• Politics

Bernie Sanders Does Not Concede Democratic Nomination to Hillary Clinton

5 minute read

Vermont Senator Bernie Sanders promised in a video address on Thursday night to continue his political revolution, declining to concede the Democratic nomination to Hillary Clinton despite losing a majority of votes to his rival.

Still, he vowed in his video address to do whatever he could do to help Clinton defeat Donald Trump in a general election, promising to work with her to “transform the Democratic Party.”

“Election days come and go. But political and social revolutions that attempt to transform our society never end. They continue every day, every week and every month in the fight to create a nation of social and economic justice,” Sanders said, speaking in his video address from Burlington, Vermont. “That’s what the political revolution is about and that’s why the political revolution must continue into the future.”

Continuing the clarion call of his campaign, Sanders said the Democratic Party must commit to raising the minimum wage to $15 an hour, pay equity, opposing the Trans-Pacific Partnership, expanding Social Security and breaking up the large Wall Street banks, policy positions that he and Clinton disagreed over during the course of the primary.

Sanders charts a risky path by deciding not to concede. He may anger party leaders as well as the base of the Democratic Party, who will begin to see him as an obstruction to Clinton despite his significant loss, and denying the first woman major-party nominee in the country the full claim to that title.

But his vow to help defeat Donald Trump comes as comfort to some Democrats and Clinton aides, who see his aid as crucial in the fall to holding onto the White House.

“The major political task that we face in the next five months is to make certain that Donald Trump is defeated and defeated badly,” Sanders said. “We cannot have a president who insults Mexicans and Latinos, Muslims, women and African-Americans.”

And in a hint to his willingness to cooperate, he said in the coming days he would join in the effort. “And I personally intend to begin my role in that process in a very short period of time,” Sanders continued.

Clinton won the primary with more than 15 million votes, around 3.5 million more than Sanders, and beat Sanders in pledged delegates with 2,219 compared with Sanders’ 1,832, a margin of nearly 400, according to the most recent count by the Associated Press. She won in a majority of states with high voter turnout and where independents could vote.

Sanders has promised for months to continue waging his campaign until the Democratic convention in Philadelphia in late July where he will challenge Clinton to adopt a series of policy proposals.

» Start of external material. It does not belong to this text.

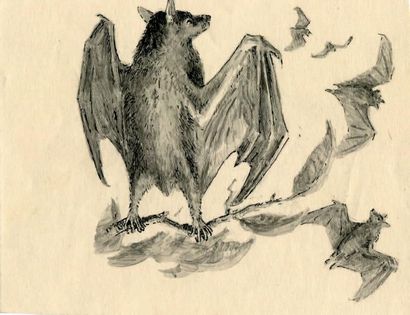 OBERTHÜR (Joseph)
Les Chauves-souris roussettes....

He has called for the end of the superdelegate system, in which party elites untied to a democratic vote chose their favored candidate, and open primaries.

Sanders’ video address comes two days after Clinton and Sanders met on Tuesday night at a hotel in Washington DC to discuss eventually reconciling and uniting the party against Trump.

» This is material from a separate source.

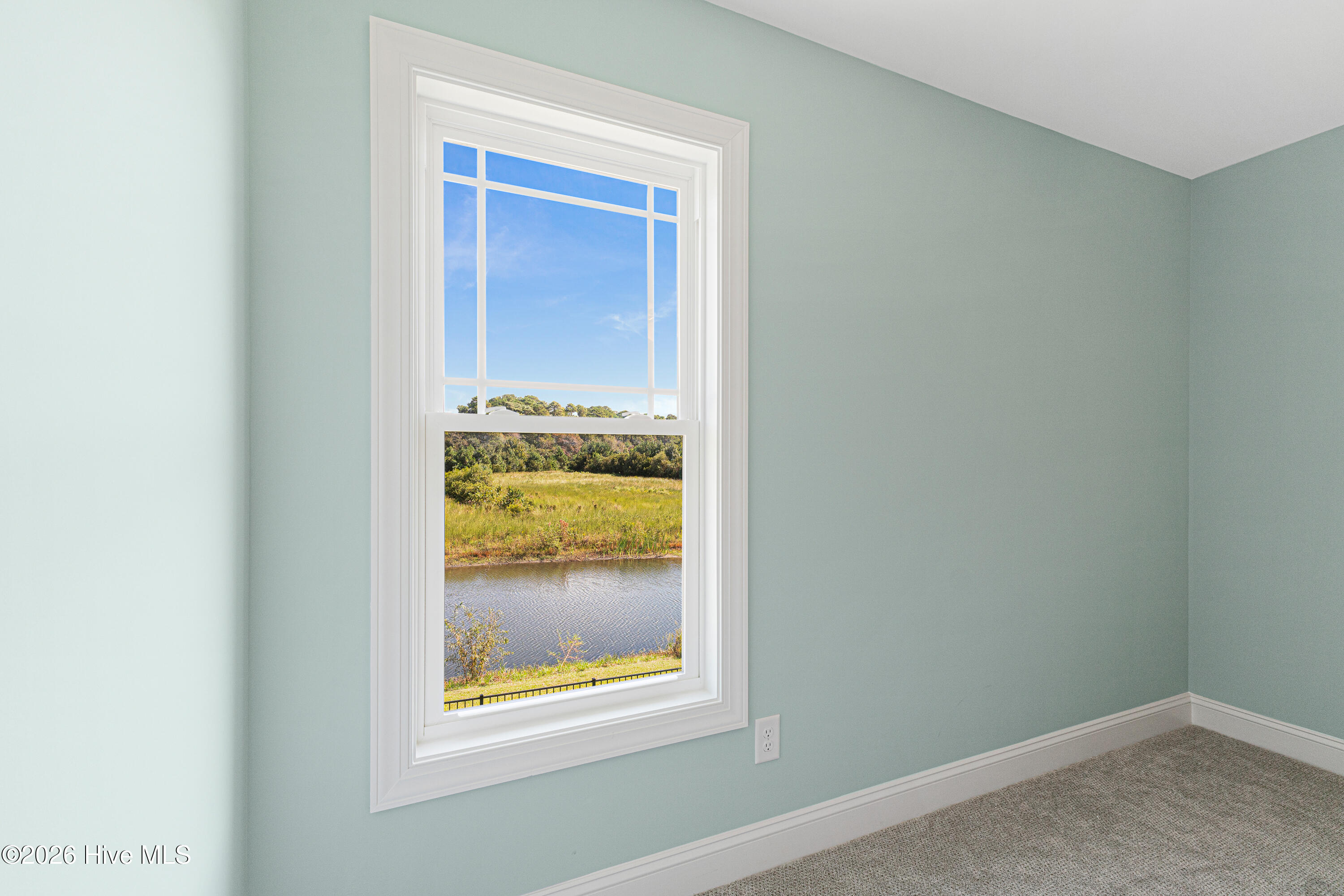 202 Windswept Lane Property Photo 29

“I look forward, in the coming weeks, to continued discussions between the two campaigns to make certain that your voices are heard and that the Democratic Party passes the most progressive platform in its history and that Democrats actually fight for that agenda,” Sanders said in his address.

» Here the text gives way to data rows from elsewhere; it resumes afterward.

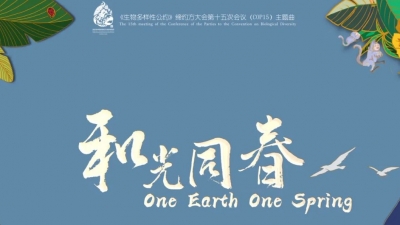 COP15主题曲及MV《和光同春》即将大美上线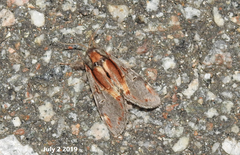 Notodonta dembowskii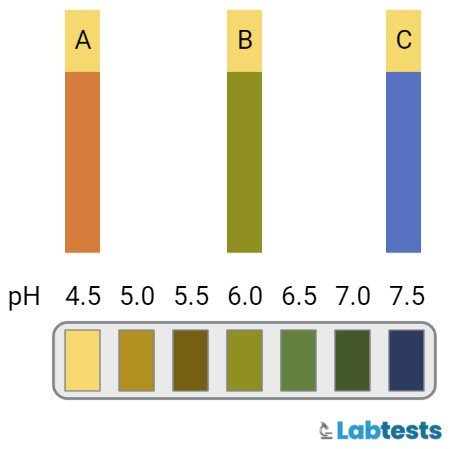 Nitrazine Paper test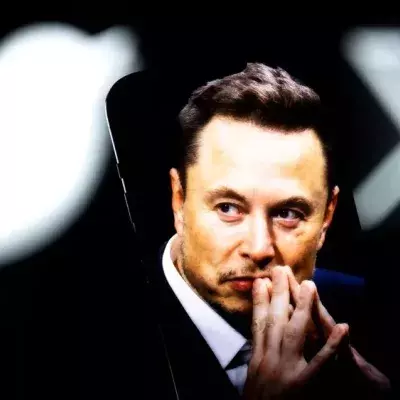 Elon Musk will den berühmten Twitter-Vogel abschaffen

In 2008, Clinton conceded the primary to then-Sen. Barack Obama three days after the final primaries in Montana and South Dakota. Sanders, however, has less fealty to the Democratic Party and is committed to implementing a progressive platform and opening up elections to his followers.

Talk among his aides in recent days around contesting the convention has all but ended, and it appears unlikely he will aim to convince errant superdelegates to support his candidacy as he had once promised.

Some of his demands are outside of Clinton’s control. Whether primaries are open or closed, for example, is often decided by the state parties and is something the Democratic National Committee and has little input on. And the superdelegate system would have to be undone through widespread consensus in the Party.

Sanders inspired a generation of younger voters with his call for a more equitable society and projected a message of hope. Sanders, always cantankerous and combative, nonetheless inspired voters who saw him as high-minded and ethically untarnished after three-and-a-half decades in politics, first as mayor of Burlington, Vermont then as congressman and then to U.S. Senator.

It is clear that Sanders continues to long to control the tenor and the issues of the race. So far, he has pushed Clinton to adopt positions she may not have otherwise taken, including opposing the Trans-Pacific Partnership, opposing the Keystone Pipeline and formulating a robust Wall Street regulation plan, among others.

He punctuated his address with a call to action to his supporters. “The political revolution means much more than fighting for our ideals at the Democratic National Convention and defeating Donald Trump,” Sanders said. “It means that, at every level, we continue the fight to make our society a nation of economic, social, racial and environmental justice.”